Google I/O 2025 was never about subtlety. This year, the company abandoned incrementalism, delivering a cascade of generative AI upgrades that aim to redraw the map for search, video, and digital creativity.
The linchpin: Gemini, Google’s next-gen model family, is now powering everything from search results to video synthesis and high-resolution image creation—staking out new territory in a race increasingly defined by how fast, and how natively, AI can generate.
The showstopper is Veo 3, Google’s first AI video generator that creates not just visuals, but complete soundtracks—ambient noise, effects, even dialogue—synchronized directly with the footage.
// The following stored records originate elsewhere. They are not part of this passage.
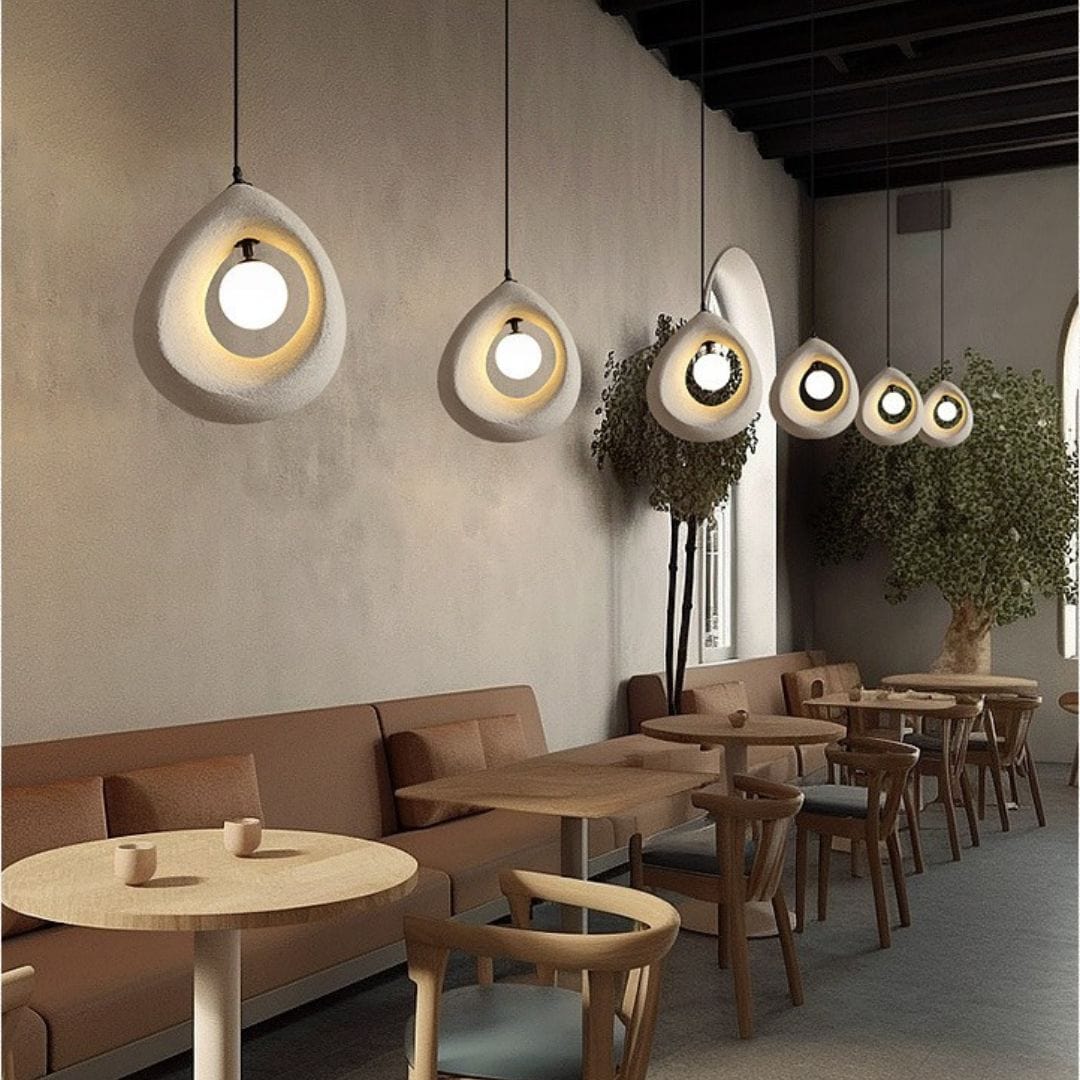 Wabi Sabi Pendant Lamp Natural Minimalist Hanging Light | Textured Organic Design | LED G9 Bulb | 32x35cm with Cord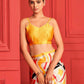 Rajwada Yellow And Multicolor Satin Printed Saree With Unstitched Blouse For Women
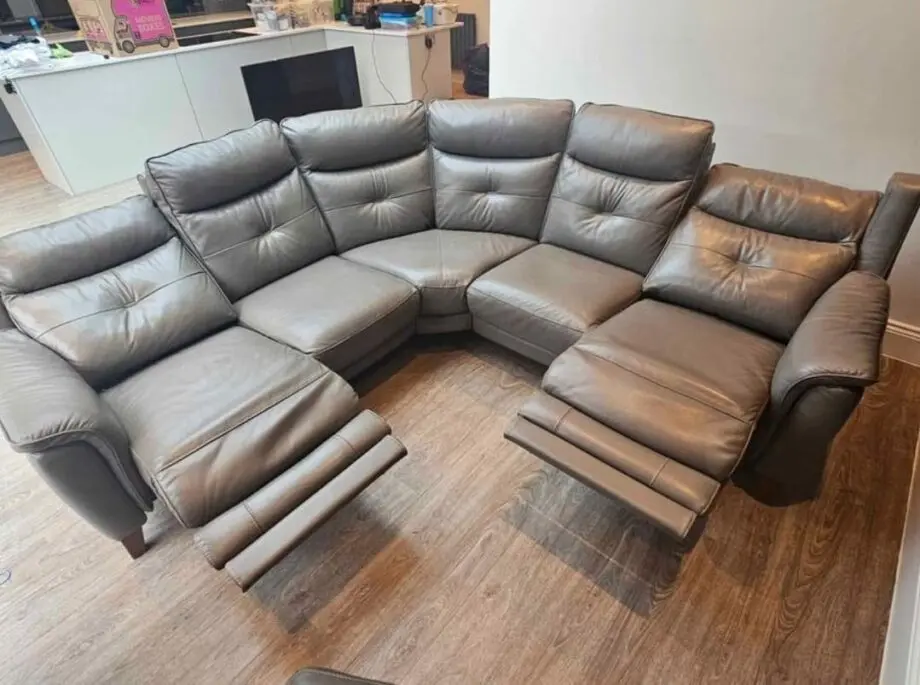 Grey leather Corner sofa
Text and image prompts go in, and fully-produced 4K video comes out.
This marks the first large-scale video model capable of generating audio and visuals simultaneously—a trend that began with Showrunner Alpha, an unreleased model, but Veo3 offers far more versatility, generating various styles beyond simple 2D cartoon animations.
“We’re entering a new era of creation with combined audio and video generation,” Google Labs VP Josh Woodward said during the launch. It’s a direct challenge to current video generation leaders—Kling, Hunyuan, Luma, Wan, and OpenAI’s Sora—positioning Veo as an all-in-one solution rather than requiring multiple tools.
Alongside Veo3, Imagen 4—Google’s latest iteration of its image generator model—arrives with enhanced photorealism, 2K resolution, and perhaps most importantly, text rendering that actually works for signage, products, and digital mockups.
For anyone who’s suffered through the gibberish text created by previous AI image models, Imagen 4 represents a significant improvement.
These tools don’t exist in isolation. Flow AI, a new subscription feature for professional users, combines Veo, Imagen, and Gemini’s language capabilities into a unified filmmaking and scene-editing environment. But this integration comes at a price—$125 per month to access the complete toolkit as part of a promotional period until the full $250 price starts to be charged.

Image: Google
Gemini: Powering search and “text diffusion”
Generative AI isn’t just for content creators. Gemini 2.5 now forms the backbone of the company’s redesigned search engine, which Google wants to evolve from a link aggregator into a dynamic, conversational interface that handles complex queries and delivers synthesized, multi-source answers.
AI overviews—where Google Gemini attempts to provide comprehensive answers to queries without requiring users to click through to other sites—now sit at the top of search pages, with Google reporting over 1.5 billion monthly users.

Image: Google via Youtube
Another interesting development is “Gemini Diffusion,” built with technology pioneered by Inception Labs months ago. Until recently, the AI community generally agreed that autoregressive technology worked best for text generation while diffusion technology excelled for images.
Autoregressive models generate each new token after reading all previous generations to determine the best next token—ideal for crafting coherent text responses by constantly reviewing the prompt and prior output.
Diffusion technology operates differently, starting with filling all the context with random information and refining (diffusing) the output each step to make the final product match the prompt—perfect for images with fixed canvases and aesthetics.
OpenAI first successfully applied autoregressive generation to image models, and now Google has become the first major company to apply diffusion generation to text. This means the model begins with nonsense and refines the entire output with each iteration, producing thousands of tokens per second while maintaining accuracy—for context, Groq (not xAI’s Grok), which is one of the fastest inference providers in the world, generates near 275 tokens per second, and traditional providers like OpenAI or Anthropic cannot come close to those speeds.

The model, however, isn’t publicly available yet—interested users must join a waiting list—but early adopters have shared impressive results showing the model’s speed and precision.
Google Gemini Diffusion is crazy
the handfeel of 2sec responses is jaw dropping
you must try it
realtime video: pic.twitter.com/F06CosXV2v
— Kickiniteasy (@kickiniteasy) May 21, 2025
Hands-on with Google’s AI tools
We got our hands on several of Google’s new AI features, with mixed results depending on the tier.
Deep Research is particularly powerful—even beating ChatGPT’s alternative. This comprehensive research agent evaluates hundreds of sources and delivers reliable information with minimal errors.
What gives it an edge over OpenAI’s research agent is the ability to generate infographics. After producing a complete research text, it can condense that information into visually appealing slides. We fed the model everything about Google’s latest announcement, and it presented accurate information through charts, schemes, graphs, and mind maps.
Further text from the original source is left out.